Content of Linguistic Annotation: Standards and Practices (CLASP)
Preliminary Work on CLASP
The CLASP effort begins with a Nov 7, 2009 meeting at NYU, sponsored by the National Science Foundation (IIS 0948101 Content of Linguistic Annotation: Standards and Practices (CLASP)), and sponsored by the Association for Computational Linguistics Special Interest Group for Annotation (SIGANN).
CLASP seeks to improve the interoperability of annotation content by fostering standardization, mapping procedures, best practices among other methods. Specifically, we would like to encourage the NLP community to adopt a set of practices that will make it easier to integrate annotation created by different transducers or different manual annotation projects. CLASP is concerned only with annotation content, leaving issues concerning annotation encoding format to other efforts such as LAF/GrAF.

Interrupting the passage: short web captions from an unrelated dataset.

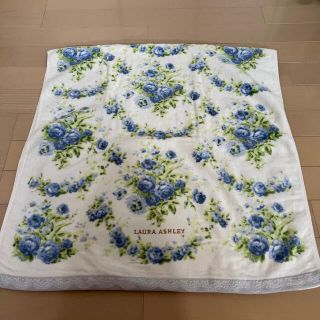 ローラアシュレイ(LAURA ASHLEY)の新品　ローラアシュレイ  バスタオル　buロザリンド(タオル/バス用品)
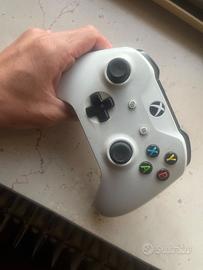 Joistik xbox one S (prezzo trattabile)
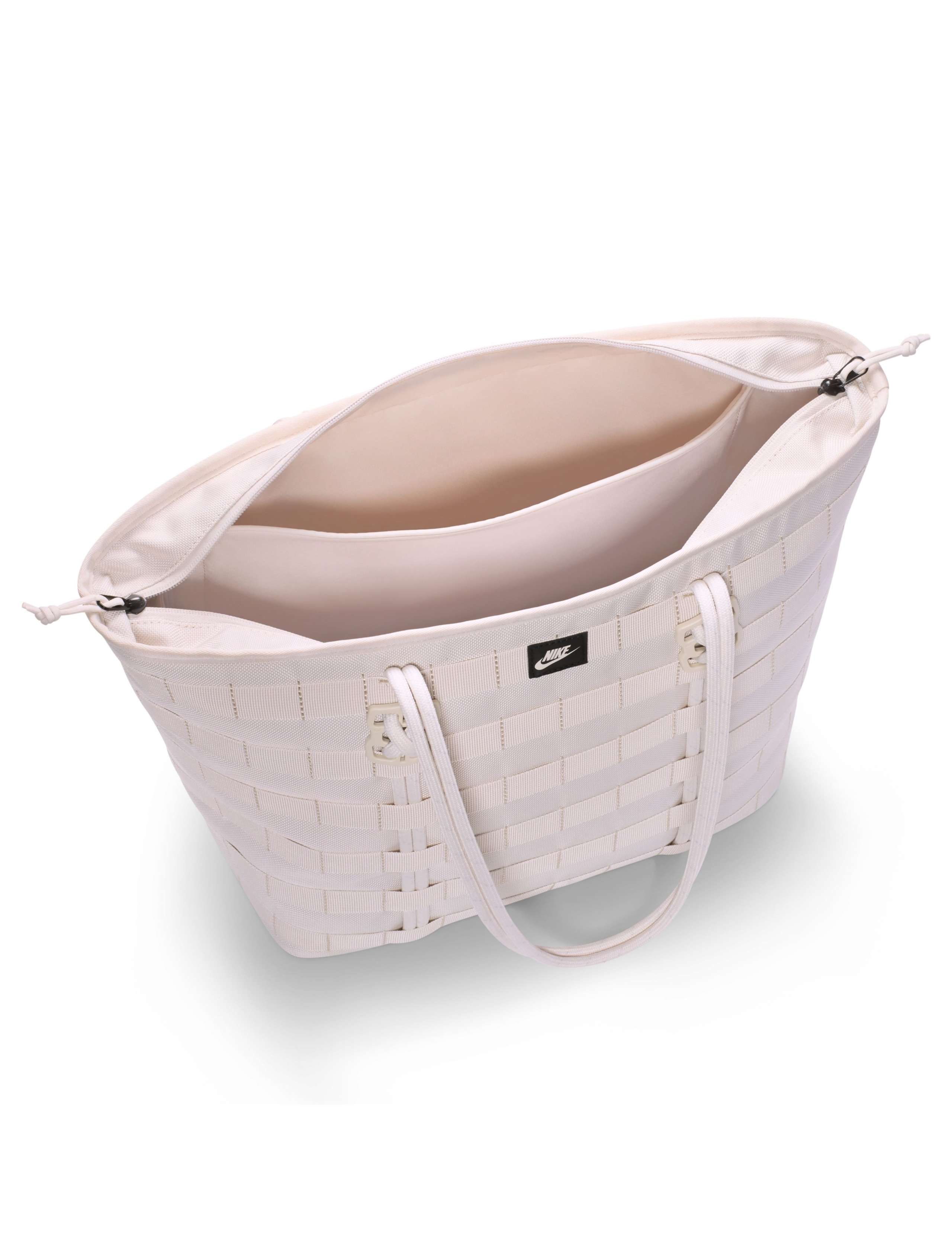 Nike RPM tote bag, durable woven fabric, 26L capacity - British product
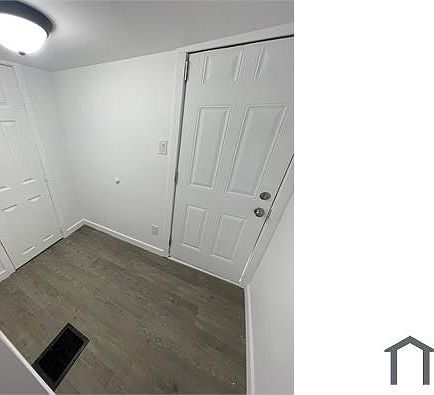 3rd image of 118 N Edgewood St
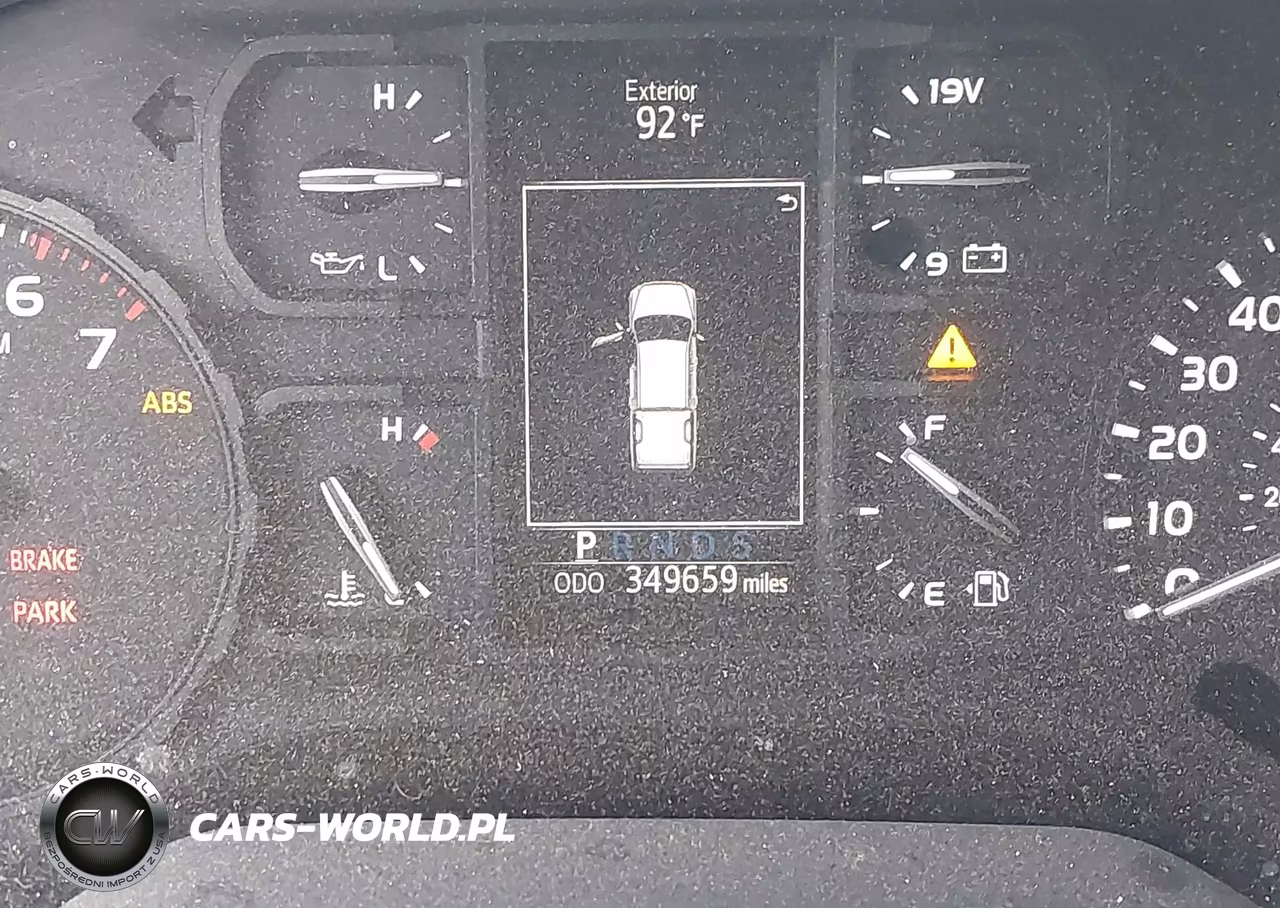 2018 Toyota Tundra Sr 4.6L V8 VIN:5TFRM5F13JX130937 - 16
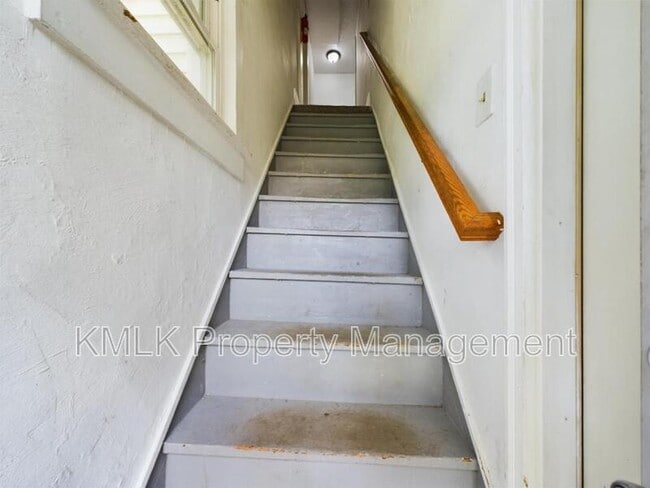 Building Photo - 665 Kling St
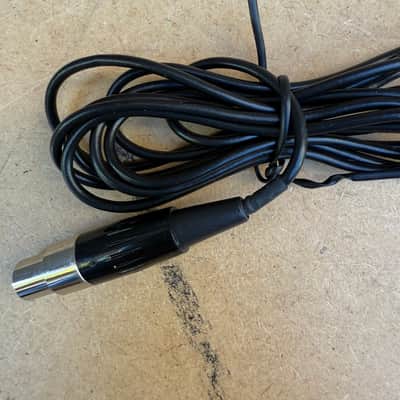 Lectrosonics Lectro UM100 + UCR100 Block + cables + microphone image 13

Apart from its focus on annotation content, there are a number of other differences between the CLASP effort and other annotation efforts:
1. Our focus on interoperability means that we are most interested in those aspects of linguistic content that are shared across different forms of annotation. For example, suppose an application requires that correlations be drawn between the output of a semantic role labeler and a coreference engine. This would work much better if both systems shared assumptions about tokenization and/or phrase structure.

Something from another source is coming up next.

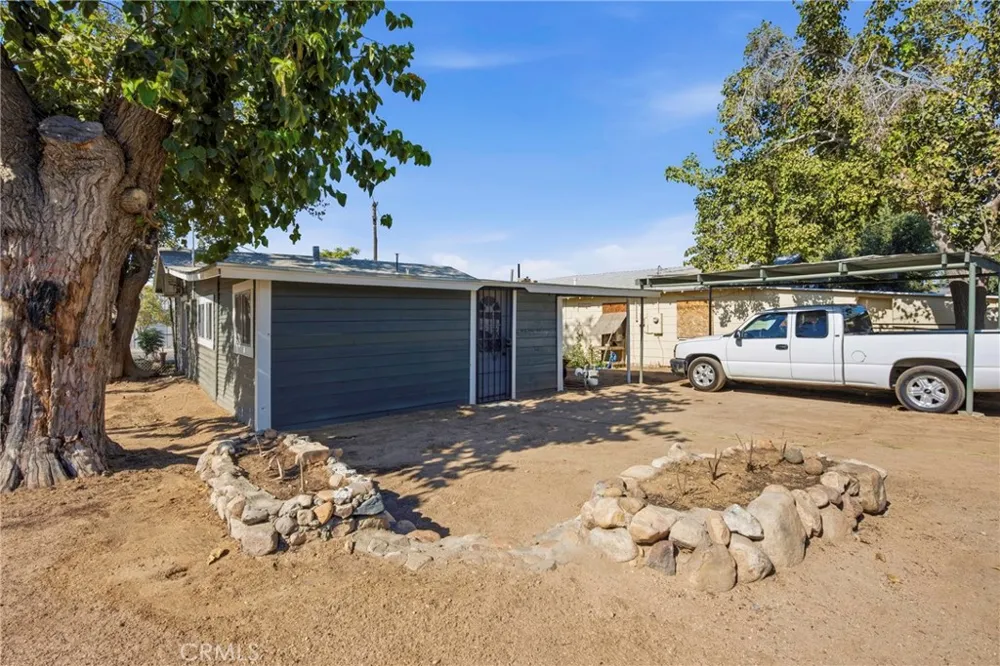 1043 Wood Street Taft, CA 93268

2. We are concerned about developing recommendations that the community is likely to follow through on. We are considering issues such as: the overhead of following our recommendations and the sort of incentives that would cause researchers to pay attention to proposed guidelines.
Travel and Logistics
The first CLASP meeting will be held at New York University on Saturday, November 7, 2009. Breakfast is at 9:30 and the meeting goes from 10PM until 6PM. It is at Warren Weaver Hall, 251 Mercer Street room 101. Click on CLASPTravelLogistics for schedule information, travel directions and other logistical information.
Questions About Annotation Content Guidelines
The agenda of that meeting will be closely tied to seeking answers to the attached list of questions. We encourage participants in CLASP, ACL members (including SIGANN), and other consumers/producers of linguistic annotation to provide possible answers to these questions, additional questions, and comments as appropriate. Please help edit the attached pages.

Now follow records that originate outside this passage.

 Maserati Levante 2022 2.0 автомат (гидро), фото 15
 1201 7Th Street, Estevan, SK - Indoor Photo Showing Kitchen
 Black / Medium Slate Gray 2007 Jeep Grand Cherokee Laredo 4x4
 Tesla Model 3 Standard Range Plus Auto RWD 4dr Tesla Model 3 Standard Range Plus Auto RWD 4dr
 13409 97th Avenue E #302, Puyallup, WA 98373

Agenda for the CLASP Meeting
The goal of the CLASP meeting is to develop a workable plan for creating standards for linguistic content. We are primarily interested in standards that are likely to be accepted by the community and identifying mechanisms for facilitating their acceptance. In some cases, this will mean sacrificing detail and only identifying parts of analyses that can be agreed upon. In other cases, this will mean allowing multiple analyses or mapping procedures. The purpose of the standards is to promote interoperability and mergability of annotation frameworks.
The schedule (subject to change) will be as follows:
- 9:30-10:00 Breakfast
- 10-10:30 CLASP Goals, Approach and Methodology -- Adam Meyers
- 10:30-11:15 CLASP in Context of Other Standardization Efforts -- Nancy Ide
- 11:15-12:45 Working Groups
- 12:45-1:45 A Nice Lunch (Catered)
- 1:45-3:15 Working Group Presentations
- 3:15-3:45 Group Discussion
- 3:45-4:15 Coffee Break
- 4:15-4:45 Preparation of Summary Slides
- 4:45-5:30 Presentation of Summary Slides
- 5:30-6:00 Final Discussion
A large part of the CLASP meeting will be devoted to working group meetings and presentations. This section lists several groups, the composition of which needs to be decided in advance of the CLASP meeting. Ideally, each participant in the meeting will participate in one of the working groups. Please send an indication to Adam Meyers (meyers at cs dot nyu dot edu) of your first, second and third choice of group you would like to join. Adam will take into account both preferences and balance of members between groups to determine group membership. It is suggested that researchers from the same project select different working groups.
There will be the following working groups (minor changes are possible). The first two working groups deal with substantive issues regarding the future organization and scope of CLASP efforts. The second two working groups attempt to provide concrete examples of the standardization process by attempting to work through standards which are particularly crucial to the interoperability and mergability of annotation.
These and related questions are also discussed in detail at CLASP_Questions.
- CLASP Policy:
- A. How should standards be instantiated (published, disseminated)?
- B. How can we motivate annotators, researchers and developers to follow standards?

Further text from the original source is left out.